Content starts

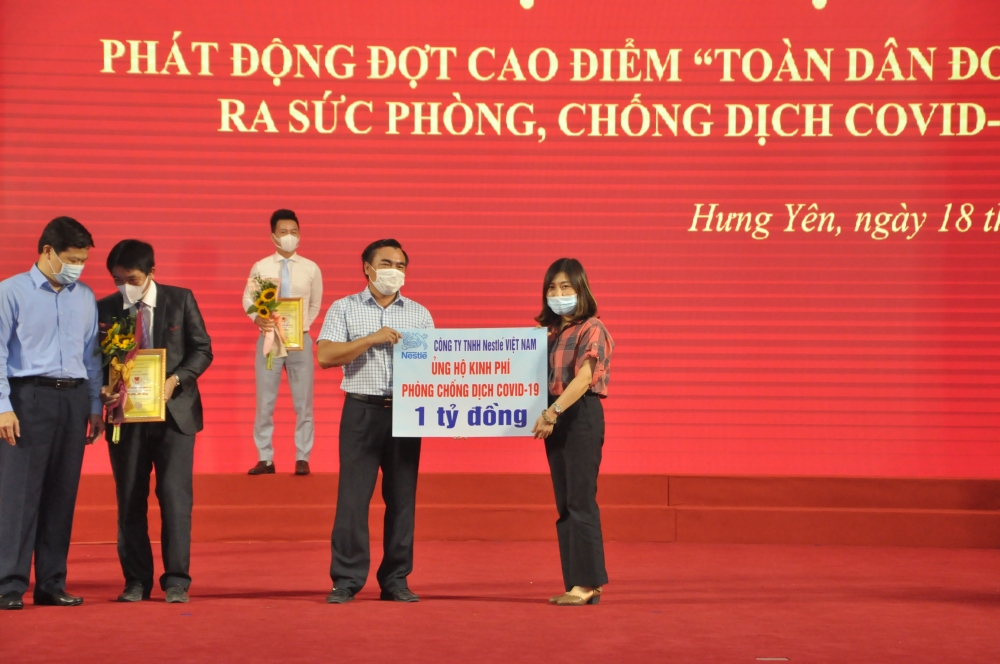 Nestlé Việt Nam ủng hộ Quỹ vắc-xin phòng, chống Covid-19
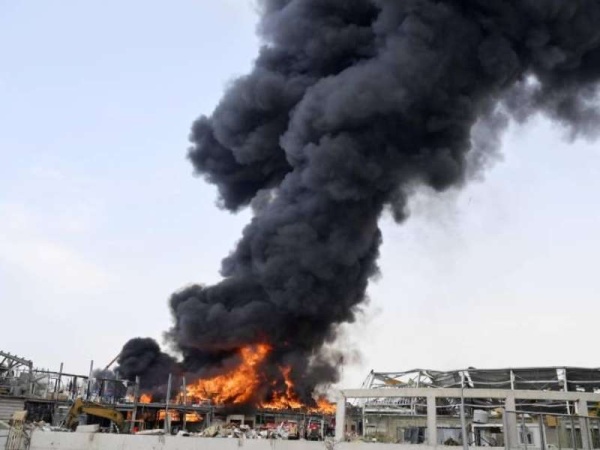 El puerto de Beirut está en llamas otra vez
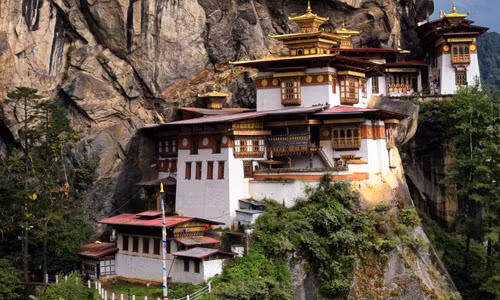 Tu viện Taktsang là nơi linh thiêng nhất của vương quốc Bhutan được các tín đồ Phật giáo vô cùng tôn kính. Tu viện này nằm chênh vênh trên vách núi cao ngất giữa tầng mây nhìn xuống thung lũng Paro.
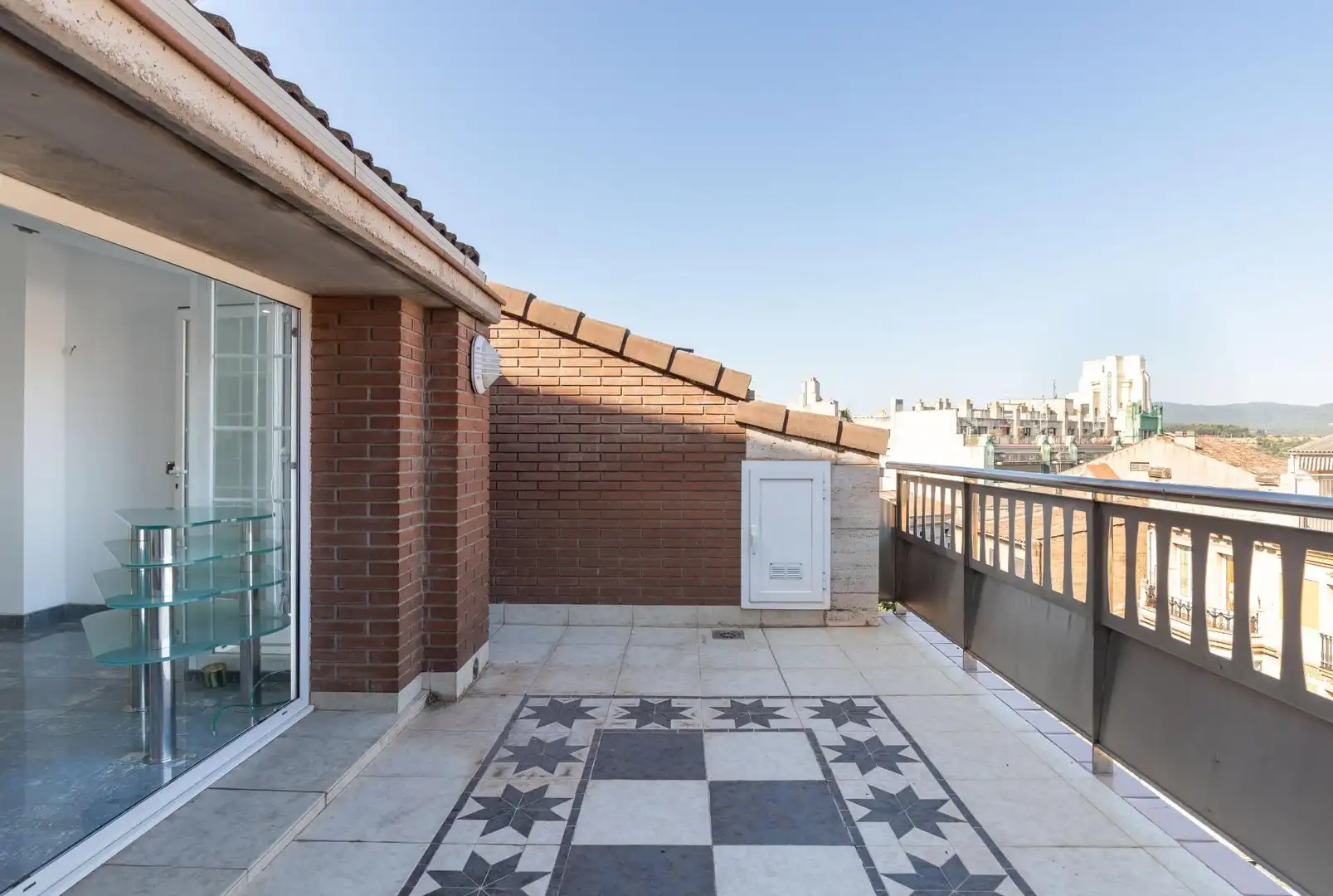 Terrasse von Dachboden zum Verkauf in Manresa mit Klimaanlage, Terrasse und Abstellraum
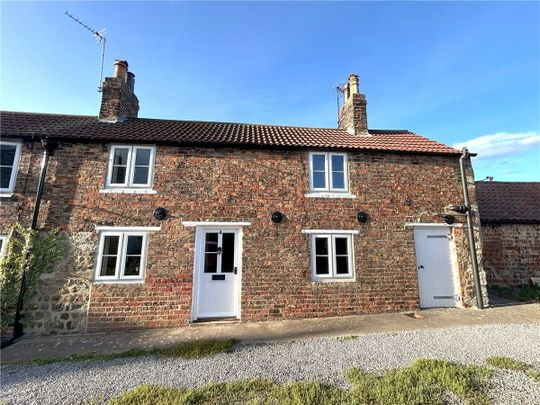 Available now, we offer to you 4 Skelton-on-Ure, a lovely two bedroomed terraced property located in the sought-after village of Skelton-on-Ure which forms part of the delightful Newby Hall Estate. - Photo 1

Content ends

*Task description*. Beginning with the line that holds "El puerto de Beirut está en llamas otra vez", write out exactly the lines down to the end of the material above, and no others. Pictures are not part of the copy.

*Expected answer*.
 El puerto de Beirut está en llamas otra vez
 Tu viện Taktsang là nơi linh thiêng nhất của vương quốc Bhutan được các tín đồ Phật giáo vô cùng tôn kính. Tu viện này nằm chênh vênh trên vách núi cao ngất giữa tầng mây nhìn xuống thung lũng Paro.
 Terrasse von Dachboden zum Verkauf in Manresa mit Klimaanlage, Terrasse und Abstellraum
 Available now, we offer to you 4 Skelton-on-Ure, a lovely two bedroomed terraced property located in the sought-after village of Skelton-on-Ure which forms part of the delightful Newby Hall Estate. - Photo 1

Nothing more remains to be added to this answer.